PAGE 14
Punin And Baburin
by
Musa came back; a decrepit little old woman followed her, bringing in a tarnished samovar. Punin began fussing about, and pressing me to take things; Baburin sat down to the table, leaned his head on his hands, and looked with weary eyes about him. At tea, however, he began to talk. He was dissatisfied with his position. ‘A screw–not a man,’ so he spoke of his employer; ‘people in a subordinate position are so much dirt to him, of no consequence whatever; and yet it’s not so long since he was under the yoke himself. Nothing but cruelty and covetousness. It’s a bondage worse than the government’s! And all the trade here rests on swindling and flourishes on nothing else!’
Hearing such dispiriting utterances, Punin sighed expressively, assented, shook his head up and down, and from side to side; Musa maintained a stubborn silence…. She was obviously fretted by the doubt, what I was, whether I was a discreet person or a gossip. And if I were discreet, whether it was not with some afterthought in my mind. Her dark, swift, restless eyes fairly flashed to and fro under their half-drooping lids. Only once she glanced at me, but so inquisitively, so searchingly, almost viciously … I positively started.

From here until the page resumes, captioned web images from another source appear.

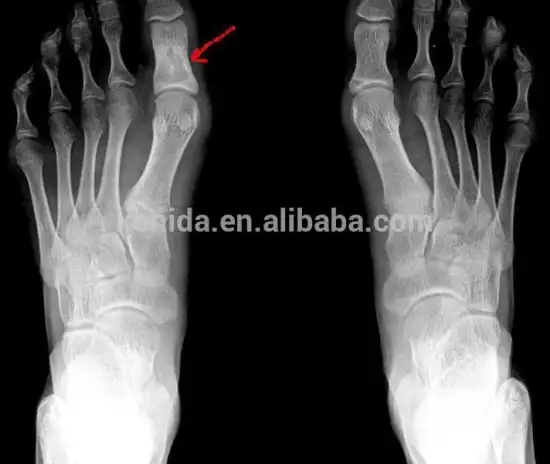 KND-F medicla xray film for Fuji Drypix 2000 high quality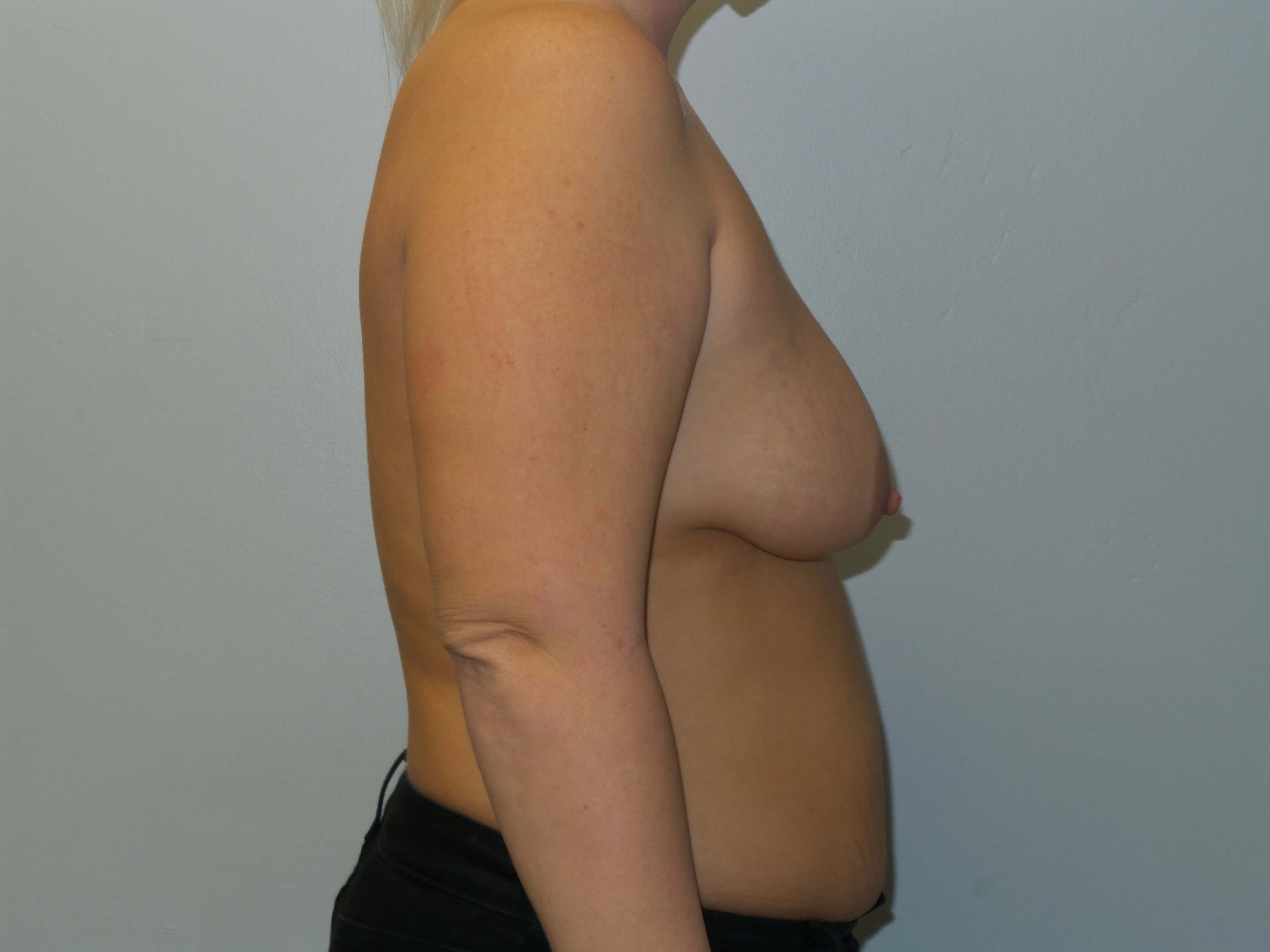 Woman has Breast Lift + Aug Before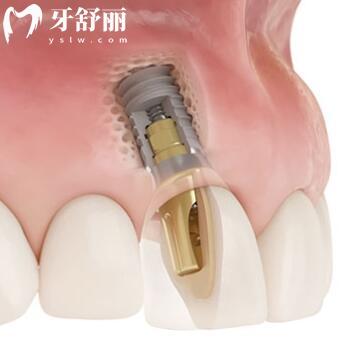 種植牙可以用社保卡報(bào)銷嗎?種植牙一顆多少錢?.jpg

Baburin scarcely talked to her at all; but whenever he did address her, there was a note of austere, hardly fatherly, tenderness in his voice.
Punin, on the contrary, was continually joking with Musa; she responded unwillingly, however. He called her little snow-maiden, little snowflake.
‘Why do you give Musa Pavlovna such names?’ I asked.
Punin laughed. ‘Because she’s such a chilly little thing.’
‘Sensible,’ put in Baburin: ‘as befits a young girl.’
‘We may call her the mistress of the house,’ cried Punin. ‘Hey? Paramon Semyonitch?’ Baburin frowned; Musa turned away … I did not understand the hint at the time.
So passed two hours … in no very lively fashion, though Punin did his best to ‘entertain the honourable company.’ For instance, he squatted down in front of the cage of one of the canaries, opened the door, and commanded: ‘On the cupola! Begin the concert!’ The canary fluttered out at once, perched on the cupola, that is to say, on Punin’s bald pate, and turning from side to side, and shaking its little wings, carolled with all its might. During the whole time the concert lasted, Punin kept perfectly still, only conducting with his finger, and half closing his eyes. I could not help roaring with laughter … but neither Baburin nor Musa laughed.
Just as I was leaving, Baburin surprised me by an unexpected question. He wished to ask me, as a man studying at the university, what sort of person Zeno was, and what were my ideas about him.
‘What Zeno?’ I asked, somewhat puzzled.
‘Zeno, the sage of antiquity. Surely he cannot be unknown to you?’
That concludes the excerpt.